Your task
Each line from the one holding "Tuyauterie de carburant AUTLOG KL3127" to the last line below must be restated word for word, and no picture may be included.

Dataset excerpt
>>>>
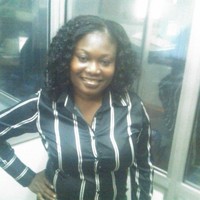 Promise Agwamba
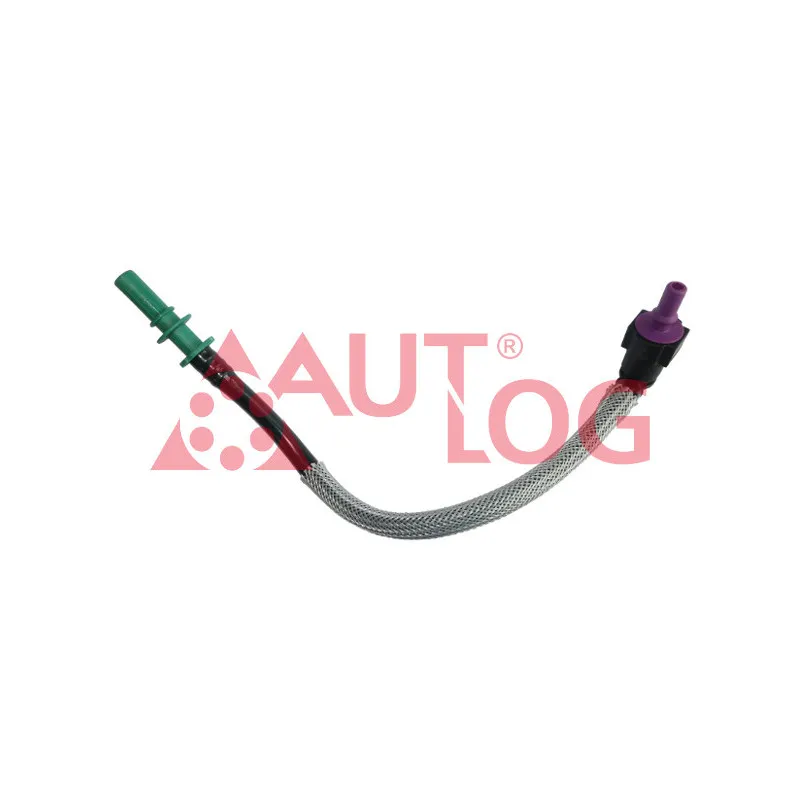 Tuyauterie de carburant AUTLOG KL3127
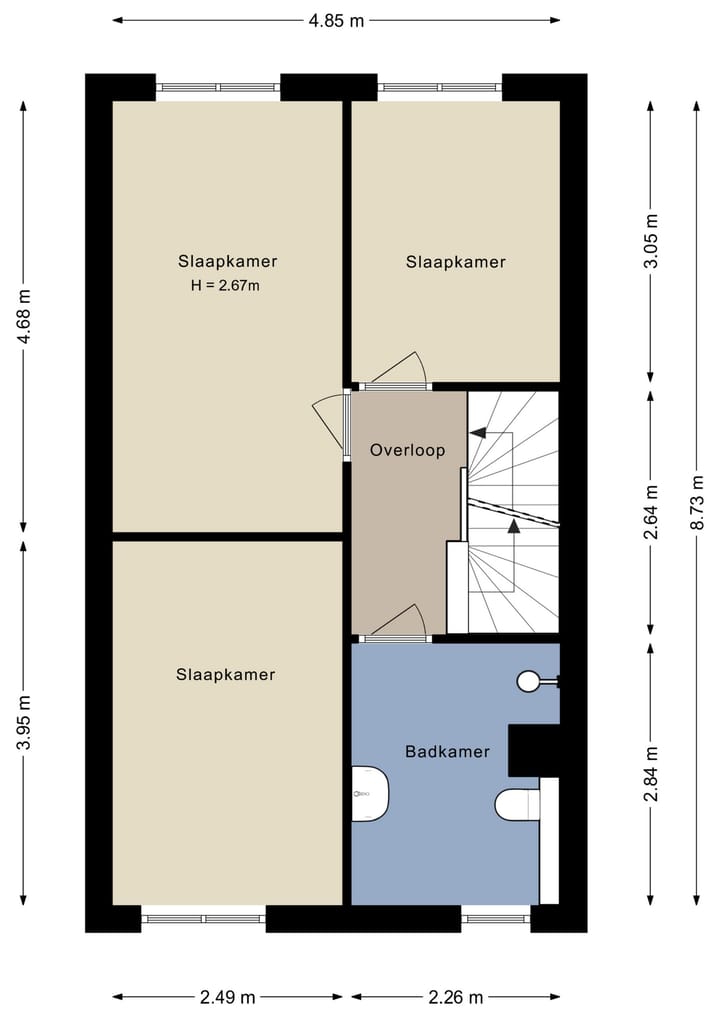 Foto 32 van Ondiep 103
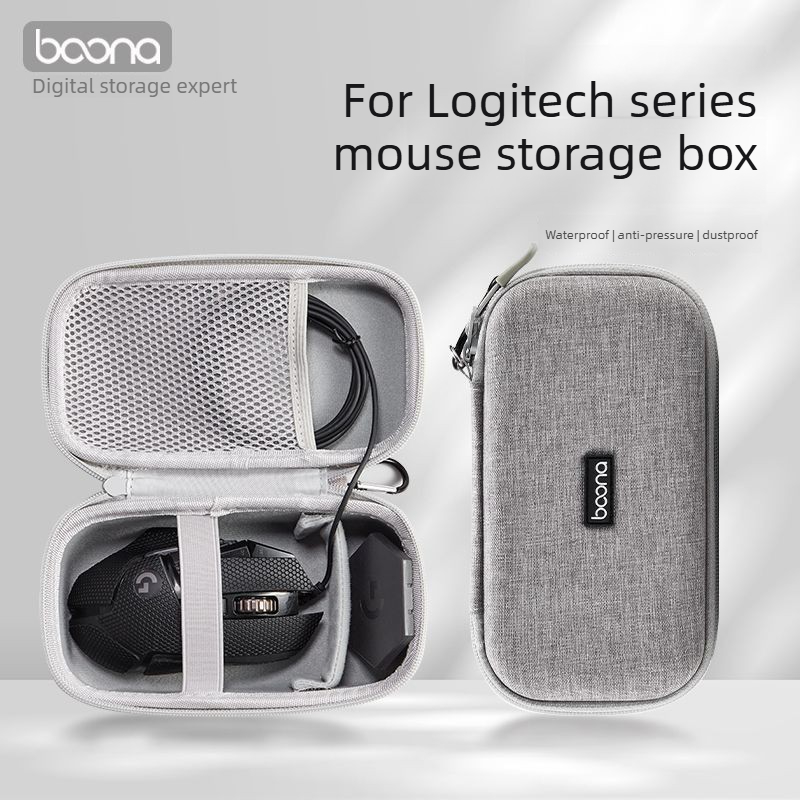 Étui de rangement pour souris  - Pc Gaming Logitech avis et prix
<<<<
The answer
 Tuyauterie de carburant AUTLOG KL3127
 Foto 32 van Ondiep 103
 Étui de rangement pour souris  - Pc Gaming Logitech avis et prix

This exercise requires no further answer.